Однако, когда они отправились в путь, атмосфера стала невыносимой. Их дружба и раньше казалась случайным стечением обстоятельств. Изначально ребят соединило желание стать музыкантами, а не наличие каких-то общих взглядов или интересов. Они всегда справлялись с ситуациями чисто по-английски, сдерживая свои чувства и проглатывая неприятные эмоции. Между ними не случалось споров или конфликтов, признался Джонни в интервью журналу «В-Side». Просто они постепенно забыли, что значит быть друзьями.

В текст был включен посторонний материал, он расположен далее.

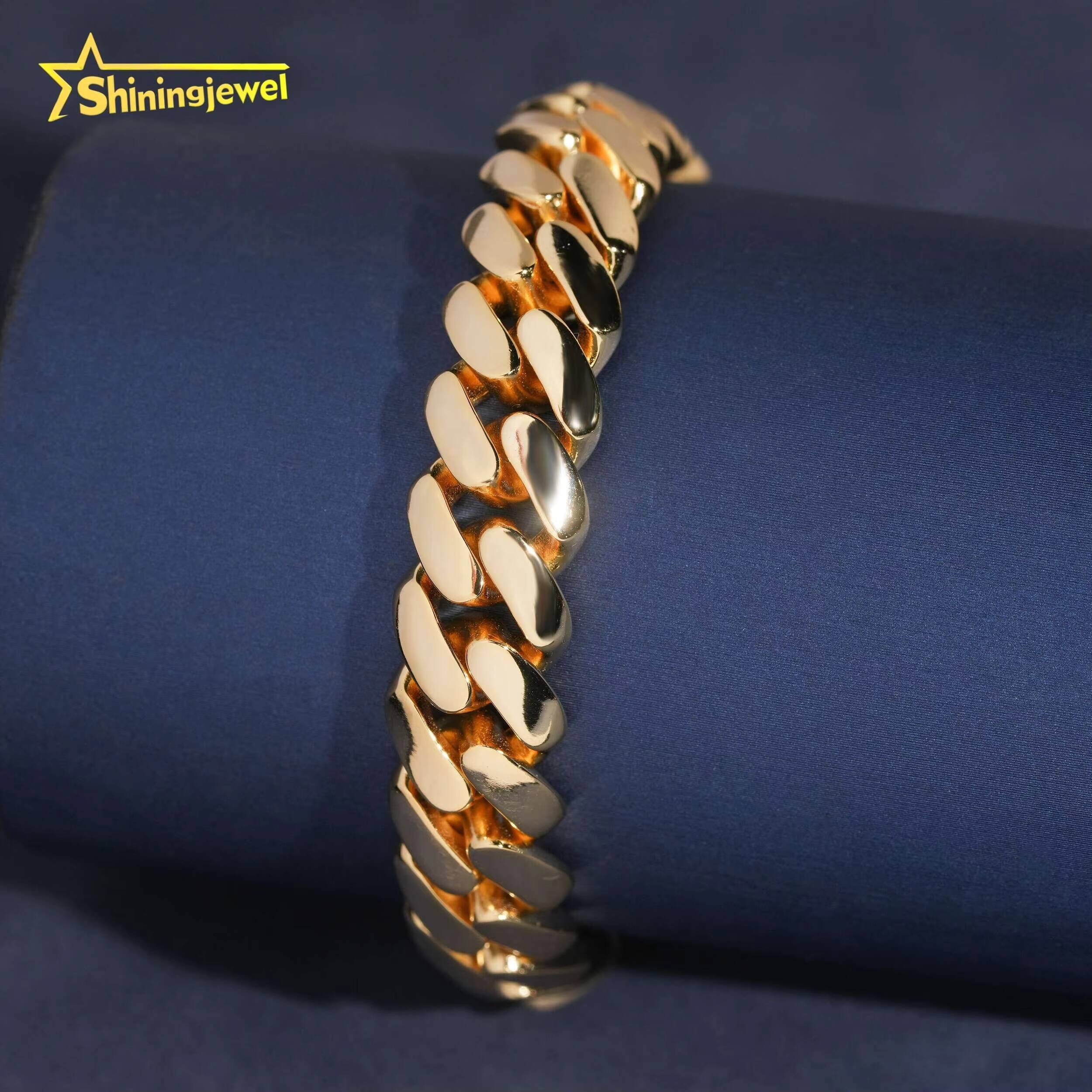 High Quality Hip Hop Jewelry 925 Sterling Silver 12mm Moissanite Lock Plain Cuban Link Chain Bracelet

«"Противостояние" предполагает споры, швыряние предметов, — говорит он, — но у нас все пошло намного хуже. Это был молчаливый, холодный конфликт, отдаление друг от друга. Практически никто ни с кем не разговаривал, и мы лишь пытались продержаться еще год... не было никаких вспышек, перебранок, но от этого ситуация только усугублялась. Все мы постепенно расходились».
Примерно посередине турне, в Мехико, что-то сломалось. Они не могли спать. Двенадцать человек были заперты вместе в небольшом гастрольном автобусе. И внезапно Том решил, что они больше не являются хорошей группой, способной играть вживую. Их первый концерт должен был пройти в маленьком грязном клубе, сильно отличавшемся от площадок, к которым они привыкли. Там была низкая сцена, а перед ней столики, выставленные в качестве барьера между музыкантами и не слишком многочисленной аудиторией. Из клуба пришлось выбираться через окошко за сценой. За несколько месяцев до этого они нашли бы ситуацию забавной, даже увлекательной, но теперь они ужасно устали, злились и не желали терпеть друг друга и все вокруг.
«Все вдруг вышло из-под контроля, — рассказал Том Энди Ричардсону в интервью для «NME» . — Годы и годы напряжения и молчания, практически все, что накопилось с момента первой встречи, выплеснулось наружу одним махом. Мы плевались, дрались и орали, мы выкрикивали друг другу такое, о чем не хочется говорить вслух».
Они могли покончить с совместной деятельностью прямо там, но вместо этого вдруг ясно осознали, что впервые за несколько лет они по-настоящему вместе. По окончании турне участники группы пришли в другую студию, «Мапоr» в Оксфорде, твердо зная, что все уже высказано. Барьеры были сломаны, и внезапно новая запись обрела контуры. Они понимали, что если их огорчает то, как идет процесс работы над записью, так лишь потому, что они все слишком дорожат своим делом и слишком переживают за результат.